An Ubuntu distribution is a collection of software applications from various sources that are packaged together. Therefore, make it easy for users to access GNU/Linux. Back in time, using a GNU/Linux and then installing various softwares was a time consuming task. As a result, it wasn’t easy for ordinary users to access GNU/Linux. So, majority kept themselves away from the distribution. The biggest challenge was to make the GNU/Linux distributions accessible to the masses. Eventually, various organizations/communities started distributing GNU/Linux with software packages. The basic configuration was done to assist those who were not so technologically proficient.

RedHat, Debian, Ubuntu, Gentoo, SUSE are few of the popular Linux distributions. Most of the Linux distributions are supplied with similar packages. They only differ when it comes to support, the steps involved in installing and upgrading the software. Like, Debian and other related distribution support .deb extension while, RedHat Linux supports .rpm extension.

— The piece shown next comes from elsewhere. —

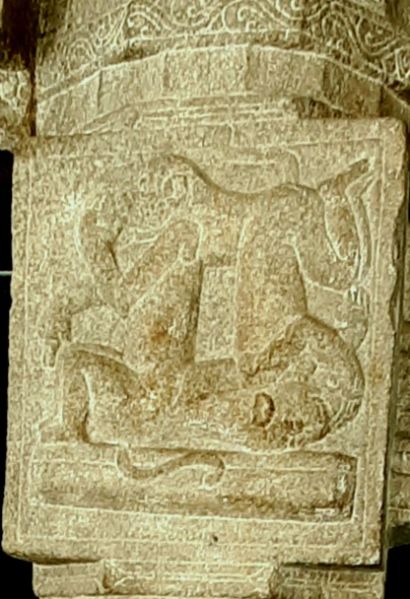 File:Monkey.jpg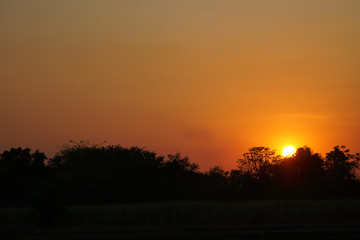 Sunset orange light with grass on the side of the road.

Symbiotic relationship between Debian and Ubuntu

There is a symbiotic relationship that exists between Debian and Ubuntu. That is because, Ubuntu tries to incorporate the best of Debian and then modifies it to provide best-in-class experience to its users.

Flavors of Ubuntu

There are seven existing flavors of Ubuntu – Kubuntu, Xubuntu, Ubuntu Studio, Lubuntu, Ubuntu Kylin, Ubuntu Mate and Ubuntu Budgie. Each of these flavors differ in their desktop environments. Apart from that, the basic underlying Linux distribution is the same. For instance, Lubuntu comes with LXDE desktop environment installed, whereas Xubuntu has XFCE dekstop environment. So, for people who are still using Hardware that don’t support modern operating systems. Reasons could be less RAM available, slow processing speed etc. For them, Lubuntu is the best choice available. It is specifically tailored to consume less resources. So, each of the above Ubuntu flavors have distinct identity.

Variants of Ubuntu

The Ubuntu GNU/Linux distribution and operating system comes in three variants – Desktop, Server and Core.

The Desktop edition is aimed at ordinary users who would use Ubuntu distribution on a PC or Laptop. On the other hand, Server edition is for those who deploy Ubuntu for server management and other related activities. Lastly, Ubuntu Core is being deployed on Internet of Things (IOTs). Supported platforms for Ubuntu Core are Raspberry Pi, Intel NUC, Intel IEI Tank, Qualcomm Dragonboard 410C, Samsung Artic etc.


Ubuntu 19.04, which was released on April 18, 2019, is the latest of versions available. GNOME desktop environment was supplied as its default desktop environment. Furthermore, we can install other desktop environments of our choice like LXDE, XFCE, MATE, Cinnamon, LXQt, KDE Plasma etc.